# THE TASK
The answer should hold every line of the listing, unchanged and free of images.

# INFORMATION PROVIDED

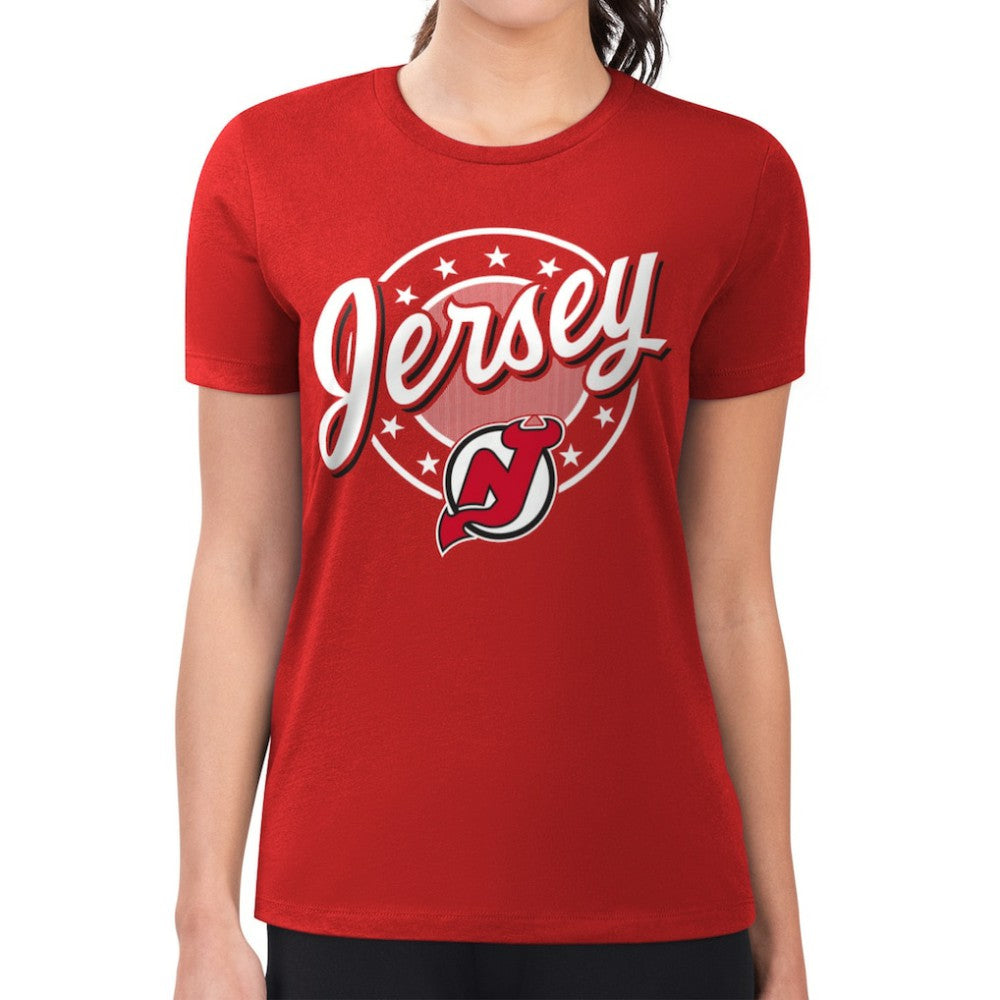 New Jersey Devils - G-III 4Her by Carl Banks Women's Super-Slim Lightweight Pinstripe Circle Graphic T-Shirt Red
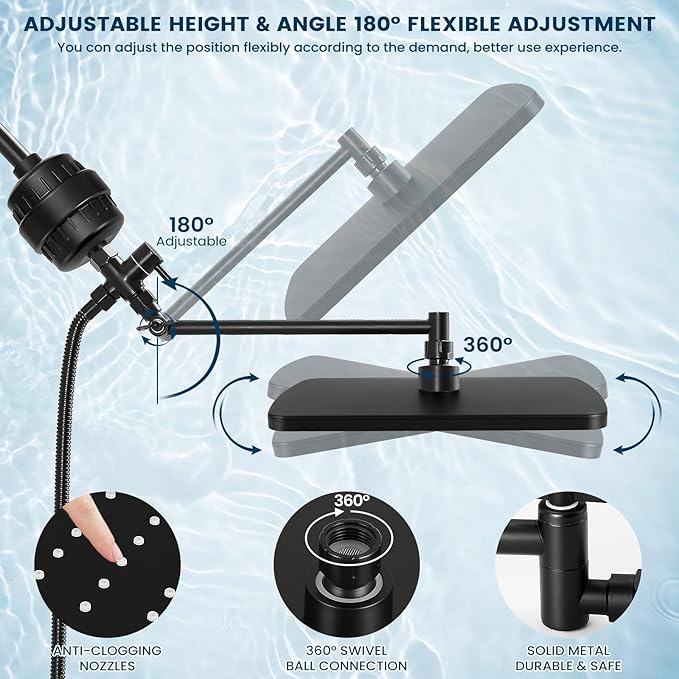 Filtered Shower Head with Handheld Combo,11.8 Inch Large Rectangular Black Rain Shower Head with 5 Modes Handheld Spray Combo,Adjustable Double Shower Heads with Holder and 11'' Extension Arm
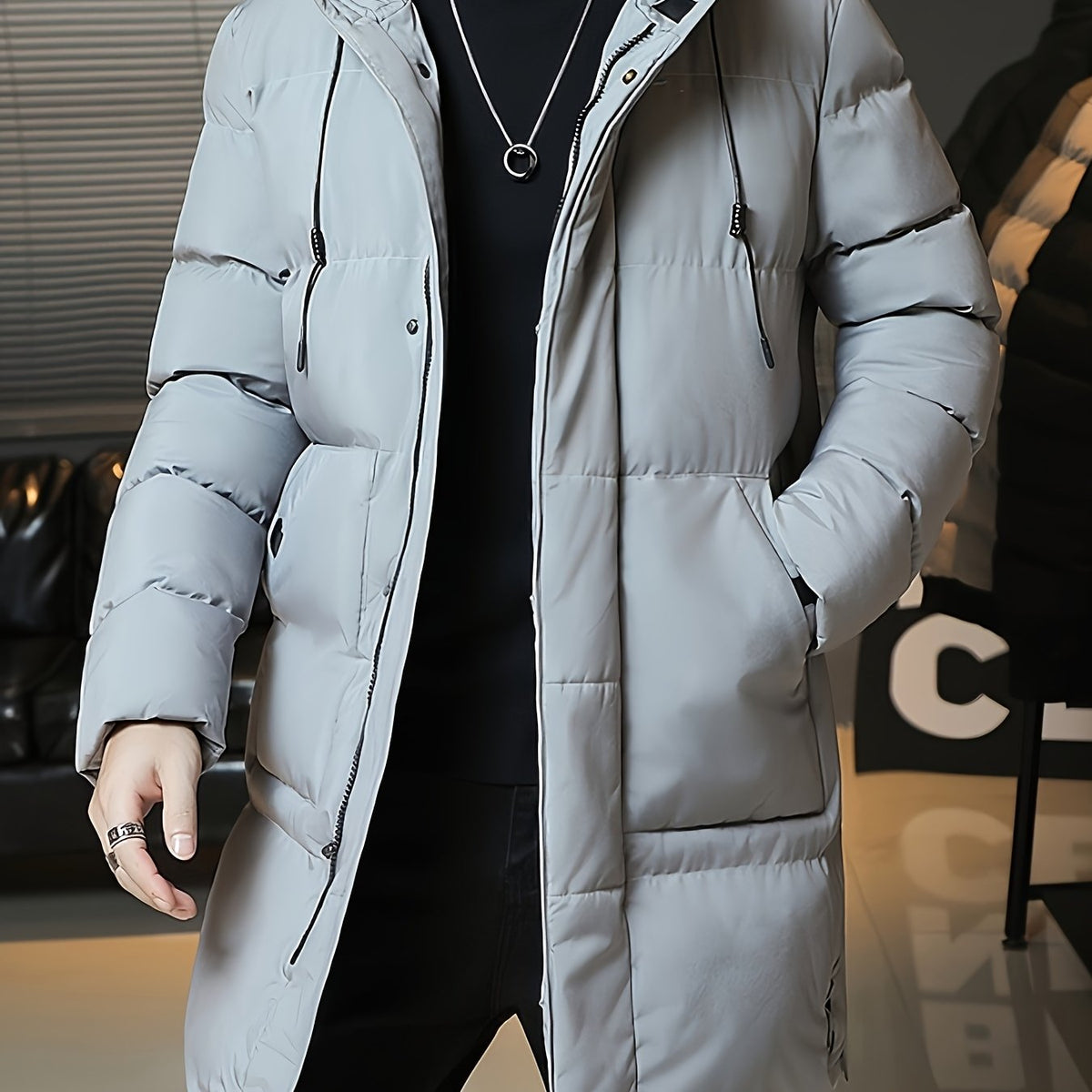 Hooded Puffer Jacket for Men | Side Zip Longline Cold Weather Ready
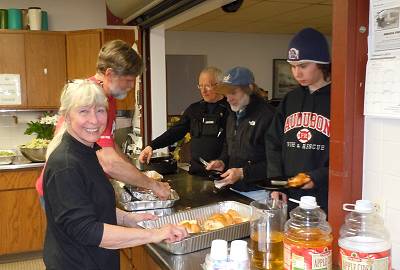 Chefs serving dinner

# EXERCISE OUTPUT
 New Jersey Devils - G-III 4Her by Carl Banks Women's Super-Slim Lightweight Pinstripe Circle Graphic T-Shirt Red
 Filtered Shower Head with Handheld Combo,11.8 Inch Large Rectangular Black Rain Shower Head with 5 Modes Handheld Spray Combo,Adjustable Double Shower Heads with Holder and 11'' Extension Arm
 Hooded Puffer Jacket for Men | Side Zip Longline Cold Weather Ready
 Chefs serving dinner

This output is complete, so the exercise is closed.